Not as overt but no less powerful is Bohjalian’s slow crafting of Alexis, from her understandable frustrations with her mother to her own fraught way of dealing with mounting anxiety. It makes The Red Lotus gripping reading even without the headline-adjacent story.
Perfect Little Children, Sophie Hannah (William Morrow, Feb. 4, 2020)
British author Sophie Hannah writes poetry, short stories, and all sorts of mysteries, from updated Hercule Poirot tales to crime thrillers that hinge on identity. Her newest, Perfect Little Children, is unquestionably the latter.
Beth is driving her teen-age son to sports practice when she sees Flora. More than a decade ago, the two young mothers were the best of friends, with kids just about the same age. They haven’t seen each other since the day their friendship splintered.
She lingers, wanting to watch Flora and her teen-agers get out of the car. She hears the familiar names: Thomas and Emily. But the children who get out of the car aren’t teen-agers. They’re exactly the same age as Thomas and Emily a dozen years ago when she and Flora were friends. “Why haven’t they grown?” Beth thinks in horror.
So starts an addictively twisty yarn in which Beth turns amateur detective, sometimes with her husband and daughter in tow, to unmask these potential Children of the Damned. While Perfect Little Children ends up more Big Little Lies than Rosemary’s Baby, it’s nevertheless full of truly spooky moments, particularly after Beth digs more deeply into Flora’s mercurial husband, Lewis.

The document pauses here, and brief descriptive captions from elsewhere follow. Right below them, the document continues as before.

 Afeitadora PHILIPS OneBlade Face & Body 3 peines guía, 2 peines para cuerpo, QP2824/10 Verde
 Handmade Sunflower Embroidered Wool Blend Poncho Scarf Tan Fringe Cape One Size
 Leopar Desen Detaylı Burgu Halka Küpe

Hannah goes way beyond the plot-driven content of most thrillers to include riffs on motherhood wars, gender politics and racist teachers getting their comeuppance. They’re small pieces in the bigger puzzle of Beth’s life that make Perfect Little Children eminently relatable in addition to entertaining.

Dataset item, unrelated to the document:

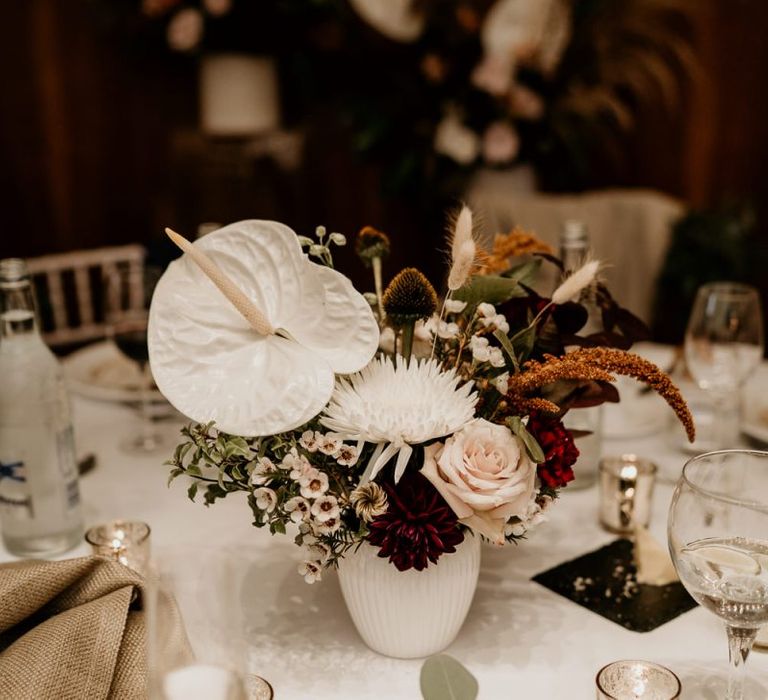 Wedding table flowers with white  Anthurium flowers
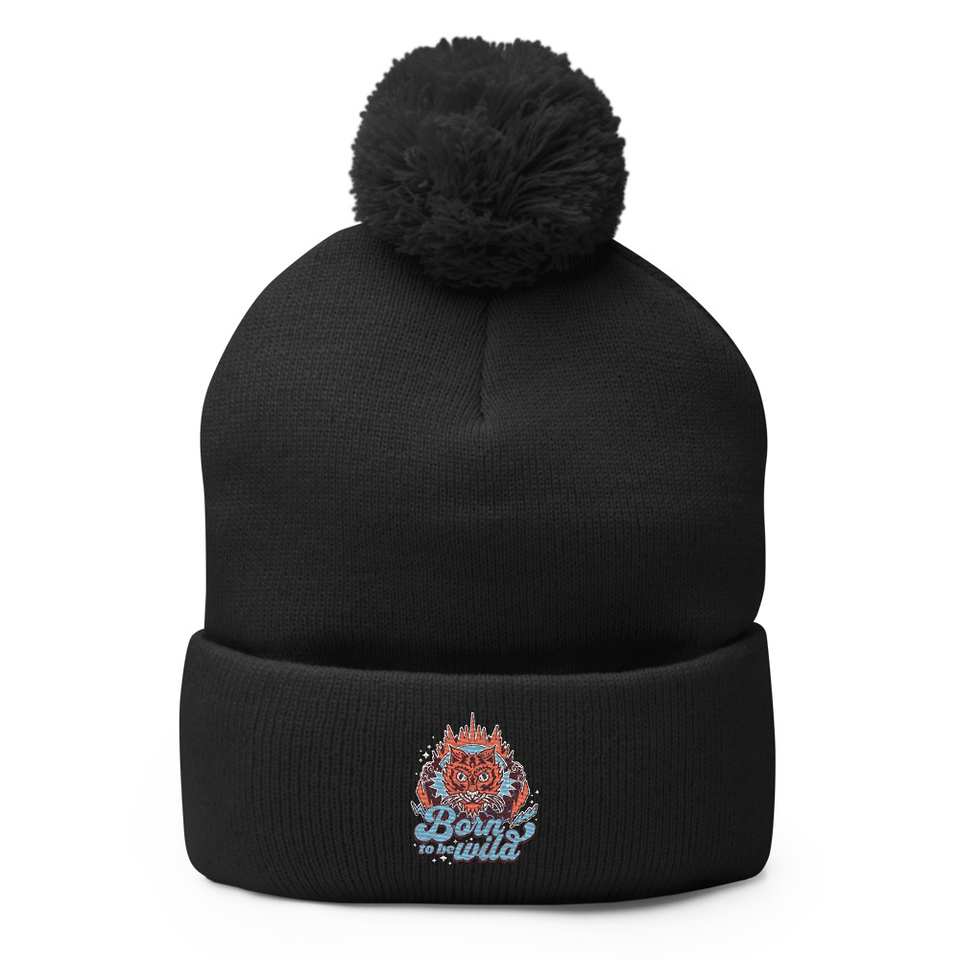 Born to be Wild - Tiger Pom-Pom Knit Cap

Saint X, Alexis Schaitkin (Celadon/Macmillan, Feb. 18, 2020)
Schaitkin’s debut takes a parent’s worst nightmare and spins it into something as mesmerizing as the fictional Caribbean island that serves as her novels setting.
Saint X is a resort-filled playground for the wealthy, “a lovely nowhere suspended in gin-clear water.” Like the other guests, the Thomas family is there to enjoy cosseted indolence on vacation with their 18-year-old daughter Alison and her younger sister Claire, just 7.

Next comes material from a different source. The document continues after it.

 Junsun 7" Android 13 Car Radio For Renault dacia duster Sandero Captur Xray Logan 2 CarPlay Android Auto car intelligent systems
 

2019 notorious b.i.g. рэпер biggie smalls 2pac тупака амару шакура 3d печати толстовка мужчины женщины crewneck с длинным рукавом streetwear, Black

But on their last night there, Alison disappears. Police find her body on a deserted cay and arrest two men from the island who work at the resort, since Alison partied with them that night just before she disappeared. There’s not enough evidence to charge them, though, much to her parents’ chagrin.
From here Schaitkin fast-forwards. Claire is a grownup in New York, though she goes by Emily now. One night she gets in a cab and the driver’s voice makes her freeze. It’s Clive, one of the two men from the resort. He doesn’t recognize her, and she later decides to tail him to see what she can discover.
What makes Saint X such an extraordinary novel among thrillers is that Schaitkin insists we see the humanity in every single one of her characters. Whether in brief reminiscences between the action or revisiting the same event from the perspectives of different people, she unpacks motivations, class and most of all privilege. It’s not didactic or preachy, just full of acute observation.
Clive muses on the iPhone left in his cab: “You are invisible to them, you are the back of a head, and then suddenly you are indispensable. Suddenly they are, like, super-appreciative. Suddenly you are a lifesaver, boss. When he meets whoever it is this time to return the phone, and they try to hand him five bucks, or fifty (how variable, their sense of the value of what he has done for them), he will shake his head and politely refuse … he will know that they are thinking that he is a deeply good person.”
The result is a mystery that’s thought-provoking far beyond its plot.